An Introduction to Message Queue

Just the other day, a friend of mine asked me to explain Google Pubsub to him. Being a good friend, I explained it to him in a few sentences and he seemed to get it at the time. However, a while later after he tried it for himself, he asked me a few follow up questions of which I couldn't answer in a few sentences like before. So we started a voice call and I went on to launch a rather lengthy explanation complete with analogies and the like.

He still sounds somewhat unconvinced.

Maybe I lost him somewhere along the way with my crappy analogies?

Anyway, this back-and-forth made it dawn on me that the concept of message queue may not come naturally even to seasoned engineer like my friend. I myself understood Google Pubsub relatively quickly because I have prior encounter with Kafka after all. Therefore it is very reasonable for people - including experienced engineer - to not grasp the concept on first try.

So here I am. Writing an article so I can just point people here in case I get asked again in the future. And who knows, maybe my friend will be convinced this time?

Before we continue, I want to note that this article use Google Pubsub's terminologies since it is the one that I used recently, but I am pretty sure similar abstractions exist in other message queue like Kafka or RabbitMQ. Also each message queue has different implementation so it is possible that the way it work is different than the one outlined in this article. Nevertheless, I believe the general concepts are the same and it is useful to undertand them.

With that out of the way, let's start!

What is a message queue?

In short, message queue is a queue for messages.

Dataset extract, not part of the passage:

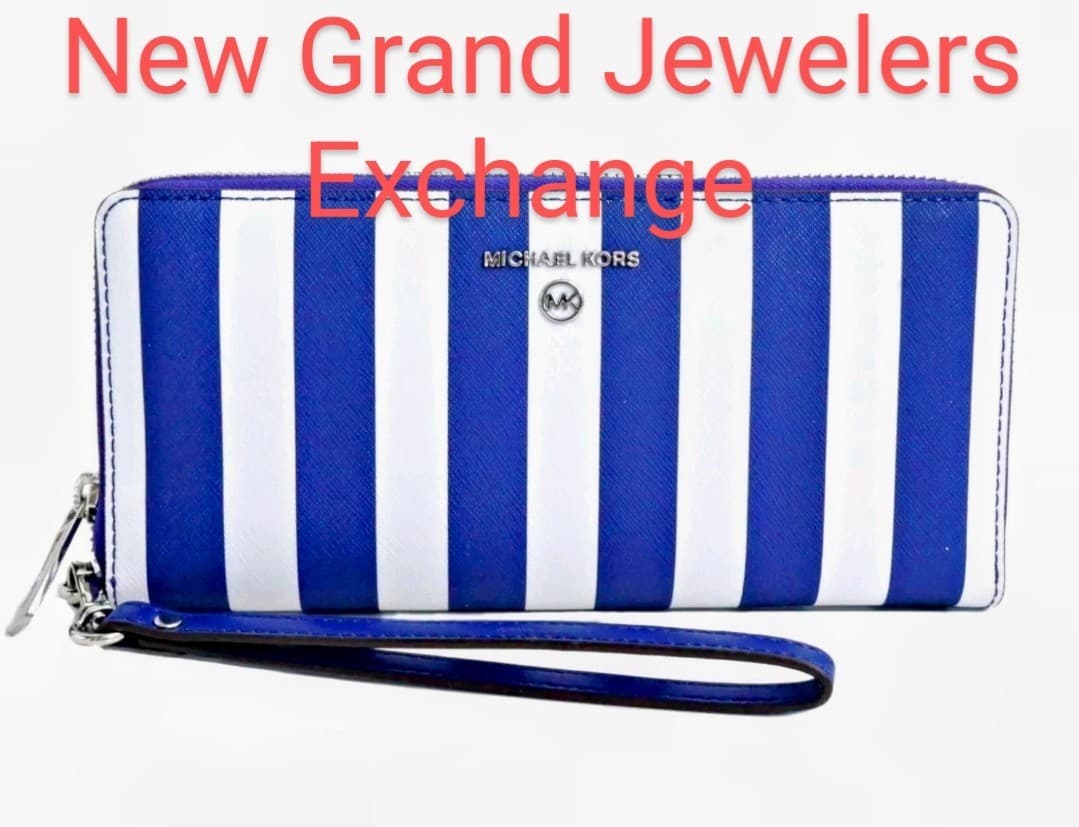New Michael Kors Wallet Purse Coin Purse Jet Set Charm Continental Cobalt Blue - Thumbnail 15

.....I know, my high school teacher would probably give zero point to that answer if the question somehow ever appeared on a test. But unfortunately it is hard to explain without diving into various facets that made it works (which I will do but in later section).

For now, all you need to know about message queue is:

It can receive messages.
It can store messages.
It can emit messages.

Why use message queue?

Imagine you have two services, service A and service B.

Then you want service A to be able to send messages to service B. The typical and straightforward way to accomplish this is by using a REST API. Let's use POST for this example. So something like this:

Now, what are the potential issues with this approach?

There are several that I can think of:

1. If service B is unavailable, then the POST request by service A will fail and the message will disappear into the void.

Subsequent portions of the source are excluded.